Highbank “Proper Irish Cider” 2016 6%, 500ml bottle Bradley’s of Cork
This organic cider from Kilkenny’s Highbank Orchard has an amber colour, with fountains of bubbles rising. Aromas are tart and true to the orchard fruit. On the palate, it is just amazing, this masterpiece of deliciousness and refreshment and then that dry finalé. If Bach had made cider, he’d have been happy to put his name to a bottle like this, precise and satisfying from first drop to last.
They say: This traditional, dry cider grown and produced by Highbank Orchards Matured on its wild yeasts Highbank Proper Cider has no added sulphites, no added sugar and is Irish Organic with naturally high tannins. A delicious, refreshing drink, Proper Cider should be served chilled over ice particularly with a fish course.
Highbank Organic Orchards, owned and run by Rod and Julie Calder-Potts, produce their ciders in small batches with an emphasis on pairing ciders with different foods. All organic, with no added sulphites and gluten free, the cider apples are from Highbank’s own organic trees grown on Highbank Organic farm in County Kilkenny.

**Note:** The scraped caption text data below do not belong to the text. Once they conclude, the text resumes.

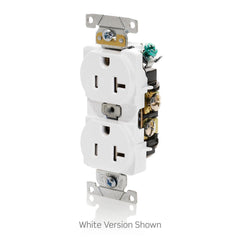 Leviton T5362-W 20A 125V Duplex Receptacle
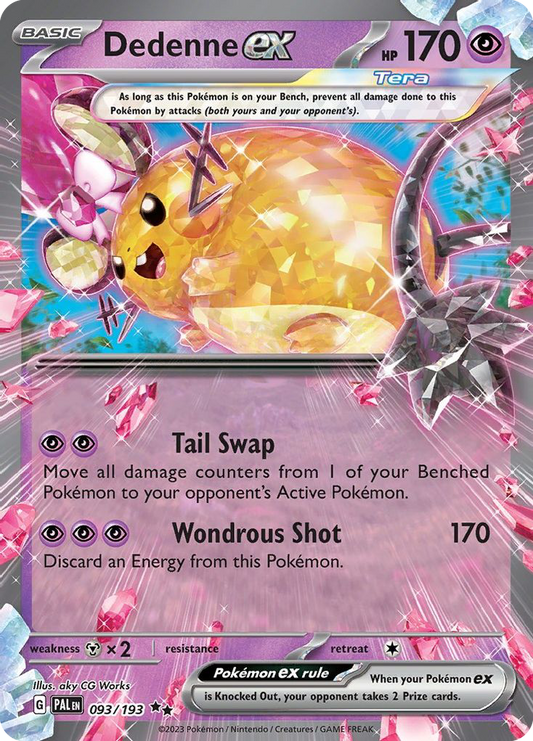 Dedenne ex - 93/193 - Scarlet & Violet Paldea Evolved (undefined)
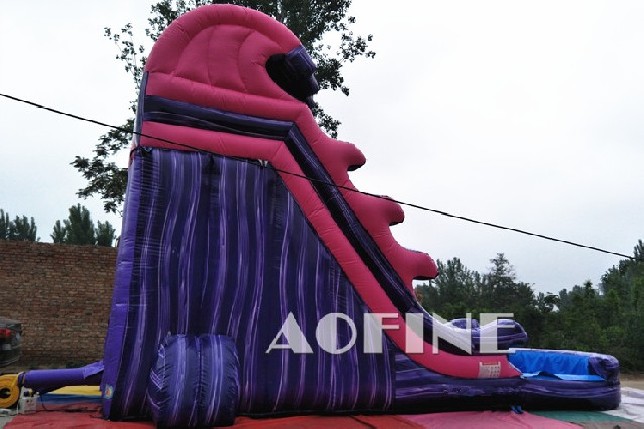 Purple Wave Water Slide Afs74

It is a beautiful farm and this is a beautiful cider.
Longueville “Mór” Cider 8%, 500ml bottle Bradley’s of Cork
This Longueville House cider had a clear amber colour and pleasing orchard aromas. This is a medium cider with a delicious full flavour, slight touch of tannins (on the lips) and a satisfying finish. Rubert Atkinson of Longueville: “No ice! It waters down the flavours and kills the sparkle. Enjoy this like a wine, in a wine glass.”
Longueville House (near Mallow, Co. Cork) grow two varieties of cider apple, the Dabinett and the Michelin - “No chemicals and no pesticides”. The regular Longueville House Cider, has an abv of 5.9%. The sugar is natural and they use no extra sulphites.
Longueville’s Mór gets its higher abv (8.00%) and distinctive flavour from fermentation (1 year) in their just-emptied apple brandy casks. “It is the same juice as the regular cider but is more robust, has more character, more flavour, well rounded, well balanced, really lovely.” I couldn't agree more! Made from 100% fresh apples. Contains only naturally occurring sulphites.
They say: William O'Callaghan and his father Michael before him have been fermenting exceptional craft cider and distilling Ireland's only Apple Brandy now for almost 35 years. We have brought the cider and brandy production to another level while maintaining the very natural and respectful processes of our fore fathers, the terroir and sustainability - crushing, pressing, fermentation, filtration, light carbonation, pasteurisation - all while using no pesticides, fungicides, insecticides or any other ‘cides in our orchards.
One way they counter the aphids, a tiny bug that can do enormous damage, is to encourage the hoverfly by planting the likes of Fennel, Angelica and Yarrow. These attract the hoverfly, a natural enemy of the aphid.